[Bioperl-l] Structured (nested) Annotation

Hilmar Lapp hlapp@gnf.org
Mon, 7 Oct 2002 15:25:21 -0700


> -----Original Message-----
> From: Chris Mungall [mailto:cjm@fruitfly.org]
> Sent: Monday, October 07, 2002 1:07 PM
> To: Hilmar Lapp; bioperl-l@bioperl.org
> Subject: RE: [Bioperl-l] Structured (nested) Annotation
> 
> 
> 
> Hmm, I have a few problems with this thread - I'm always a 
> little uneasy
> with the idea that everything has to fit into some perfect uber object
> model, and anything that diverges from the Perfect Model is Obviously
> Wrong.
> 
> Ok, I'll admit the practice of using the same sequence entity 
> for multiple
> proteins in multiple species seems a little off - if you want 
> to annotate
> the sequence with post-translational modifications, can you 
> be sure the
> annotations are true across all species?

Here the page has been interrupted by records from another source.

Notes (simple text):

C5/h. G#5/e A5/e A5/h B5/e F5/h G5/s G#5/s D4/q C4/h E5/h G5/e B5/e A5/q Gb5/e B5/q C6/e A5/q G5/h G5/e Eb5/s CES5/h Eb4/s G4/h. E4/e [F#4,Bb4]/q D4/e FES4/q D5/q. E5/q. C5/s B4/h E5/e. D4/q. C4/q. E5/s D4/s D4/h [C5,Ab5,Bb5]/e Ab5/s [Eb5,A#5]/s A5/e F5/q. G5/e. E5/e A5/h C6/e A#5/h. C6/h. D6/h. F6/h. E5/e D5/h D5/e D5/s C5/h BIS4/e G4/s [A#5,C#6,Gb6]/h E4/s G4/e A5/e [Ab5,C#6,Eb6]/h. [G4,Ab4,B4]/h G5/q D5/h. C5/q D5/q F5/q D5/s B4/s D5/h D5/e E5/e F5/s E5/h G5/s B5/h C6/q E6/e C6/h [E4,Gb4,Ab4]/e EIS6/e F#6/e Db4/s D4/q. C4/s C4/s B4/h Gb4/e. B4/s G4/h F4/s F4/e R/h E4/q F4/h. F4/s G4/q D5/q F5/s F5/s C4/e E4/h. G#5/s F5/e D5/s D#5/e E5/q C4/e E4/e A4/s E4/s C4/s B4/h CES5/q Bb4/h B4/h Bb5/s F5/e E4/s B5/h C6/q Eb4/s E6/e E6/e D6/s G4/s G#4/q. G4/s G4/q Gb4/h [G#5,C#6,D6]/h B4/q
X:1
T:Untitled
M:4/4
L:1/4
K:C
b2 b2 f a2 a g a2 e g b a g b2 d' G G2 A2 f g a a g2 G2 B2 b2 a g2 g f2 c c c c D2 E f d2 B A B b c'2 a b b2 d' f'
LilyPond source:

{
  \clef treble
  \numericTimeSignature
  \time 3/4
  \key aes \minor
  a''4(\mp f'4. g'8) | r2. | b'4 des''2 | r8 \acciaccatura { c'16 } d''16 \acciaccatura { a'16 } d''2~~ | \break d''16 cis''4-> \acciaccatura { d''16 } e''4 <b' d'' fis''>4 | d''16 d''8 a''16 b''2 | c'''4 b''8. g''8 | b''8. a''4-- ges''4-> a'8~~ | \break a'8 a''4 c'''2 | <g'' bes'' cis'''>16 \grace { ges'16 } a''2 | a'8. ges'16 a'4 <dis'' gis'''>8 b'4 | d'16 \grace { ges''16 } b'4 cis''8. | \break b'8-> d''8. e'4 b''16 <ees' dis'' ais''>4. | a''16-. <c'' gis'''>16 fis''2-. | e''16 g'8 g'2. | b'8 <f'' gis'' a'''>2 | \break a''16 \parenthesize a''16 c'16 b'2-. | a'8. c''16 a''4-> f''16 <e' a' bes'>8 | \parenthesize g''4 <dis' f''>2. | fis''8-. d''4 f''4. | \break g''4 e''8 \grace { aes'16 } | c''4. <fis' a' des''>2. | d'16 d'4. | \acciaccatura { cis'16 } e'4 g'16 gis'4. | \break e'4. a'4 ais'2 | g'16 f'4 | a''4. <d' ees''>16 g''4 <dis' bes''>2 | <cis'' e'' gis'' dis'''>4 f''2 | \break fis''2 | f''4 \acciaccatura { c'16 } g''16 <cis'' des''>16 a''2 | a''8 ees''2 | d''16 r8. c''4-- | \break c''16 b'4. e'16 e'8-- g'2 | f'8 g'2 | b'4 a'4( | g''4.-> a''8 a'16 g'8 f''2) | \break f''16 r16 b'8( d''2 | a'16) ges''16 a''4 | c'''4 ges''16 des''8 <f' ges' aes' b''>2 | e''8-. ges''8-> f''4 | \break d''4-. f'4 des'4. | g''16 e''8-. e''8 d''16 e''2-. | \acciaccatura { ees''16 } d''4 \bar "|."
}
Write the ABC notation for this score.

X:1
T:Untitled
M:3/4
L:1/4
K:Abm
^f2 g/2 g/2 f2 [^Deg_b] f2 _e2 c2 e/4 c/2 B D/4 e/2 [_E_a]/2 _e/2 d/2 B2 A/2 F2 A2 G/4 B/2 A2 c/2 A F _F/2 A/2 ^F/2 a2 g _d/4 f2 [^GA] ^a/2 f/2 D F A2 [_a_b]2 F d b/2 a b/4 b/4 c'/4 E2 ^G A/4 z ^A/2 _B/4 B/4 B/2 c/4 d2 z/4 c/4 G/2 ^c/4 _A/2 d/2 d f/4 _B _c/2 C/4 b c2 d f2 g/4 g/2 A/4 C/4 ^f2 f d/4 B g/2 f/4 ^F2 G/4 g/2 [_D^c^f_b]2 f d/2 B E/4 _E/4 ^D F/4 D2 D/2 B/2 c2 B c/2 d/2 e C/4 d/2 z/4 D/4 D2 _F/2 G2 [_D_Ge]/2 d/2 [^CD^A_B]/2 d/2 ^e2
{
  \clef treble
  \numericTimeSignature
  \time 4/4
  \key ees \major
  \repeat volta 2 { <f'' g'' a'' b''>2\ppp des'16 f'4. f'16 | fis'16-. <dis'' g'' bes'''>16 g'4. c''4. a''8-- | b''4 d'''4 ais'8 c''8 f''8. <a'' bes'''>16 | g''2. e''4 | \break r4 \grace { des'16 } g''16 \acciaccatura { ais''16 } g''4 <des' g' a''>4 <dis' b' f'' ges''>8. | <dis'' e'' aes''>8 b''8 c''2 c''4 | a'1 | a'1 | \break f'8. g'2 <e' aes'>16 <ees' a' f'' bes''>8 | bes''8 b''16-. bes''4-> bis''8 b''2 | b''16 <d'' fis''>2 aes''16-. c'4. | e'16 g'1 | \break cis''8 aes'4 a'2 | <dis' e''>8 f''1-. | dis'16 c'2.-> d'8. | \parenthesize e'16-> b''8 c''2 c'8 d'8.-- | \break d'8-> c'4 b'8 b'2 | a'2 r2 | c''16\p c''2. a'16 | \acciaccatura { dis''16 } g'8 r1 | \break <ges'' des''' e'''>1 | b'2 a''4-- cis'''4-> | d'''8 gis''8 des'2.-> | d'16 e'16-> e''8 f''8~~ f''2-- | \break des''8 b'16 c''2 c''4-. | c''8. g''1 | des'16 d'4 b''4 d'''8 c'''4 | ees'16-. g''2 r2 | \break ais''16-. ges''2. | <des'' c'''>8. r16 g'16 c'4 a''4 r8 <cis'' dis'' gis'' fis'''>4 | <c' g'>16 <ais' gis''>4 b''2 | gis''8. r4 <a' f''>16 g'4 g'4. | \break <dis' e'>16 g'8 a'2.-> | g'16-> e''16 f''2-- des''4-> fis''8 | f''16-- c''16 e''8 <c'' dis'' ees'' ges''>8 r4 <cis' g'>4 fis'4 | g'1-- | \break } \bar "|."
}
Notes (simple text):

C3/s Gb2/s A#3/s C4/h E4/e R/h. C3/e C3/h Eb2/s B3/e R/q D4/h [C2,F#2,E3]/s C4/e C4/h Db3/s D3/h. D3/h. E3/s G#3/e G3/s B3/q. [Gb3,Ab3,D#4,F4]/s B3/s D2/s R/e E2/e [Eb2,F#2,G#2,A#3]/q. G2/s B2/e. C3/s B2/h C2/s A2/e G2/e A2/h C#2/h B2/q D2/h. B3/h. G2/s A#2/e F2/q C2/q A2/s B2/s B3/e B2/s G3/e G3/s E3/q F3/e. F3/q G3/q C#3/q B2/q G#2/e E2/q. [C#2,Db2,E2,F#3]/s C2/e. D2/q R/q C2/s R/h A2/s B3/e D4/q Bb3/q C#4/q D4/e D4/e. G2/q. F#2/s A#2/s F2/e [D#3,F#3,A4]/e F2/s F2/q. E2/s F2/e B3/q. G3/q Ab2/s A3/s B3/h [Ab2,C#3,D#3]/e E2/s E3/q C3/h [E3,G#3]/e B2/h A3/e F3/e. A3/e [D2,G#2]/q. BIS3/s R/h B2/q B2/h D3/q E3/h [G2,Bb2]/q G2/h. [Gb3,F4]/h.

There are more problems than that, like gene names, references, cross-references (dblinks) etc all pertain in many cases only to one species, or to a certain subset. Trying to capture this in the annotation (which SP does for references: each one's got a species - yes, references have a species as attribute) makes the view not simpler but pretty complex, and not trying to capture it (which SP does for dblinks and gene names) is dismissing annotation structure that may be important to quite a number of people.

> 
> But then swissprot may have good reasons for collapsing identical
> sequences into the same entity - ease of database management for one
> thing.
> 
> Besides, ensembl does a similar thing with alternate 
> spliceforms producing
> proteins with identical sequences - these are collapsed into the same
> entity, even though they are distinct proteins, possibly with distinct
> cellular localisation, post translational modifications etc.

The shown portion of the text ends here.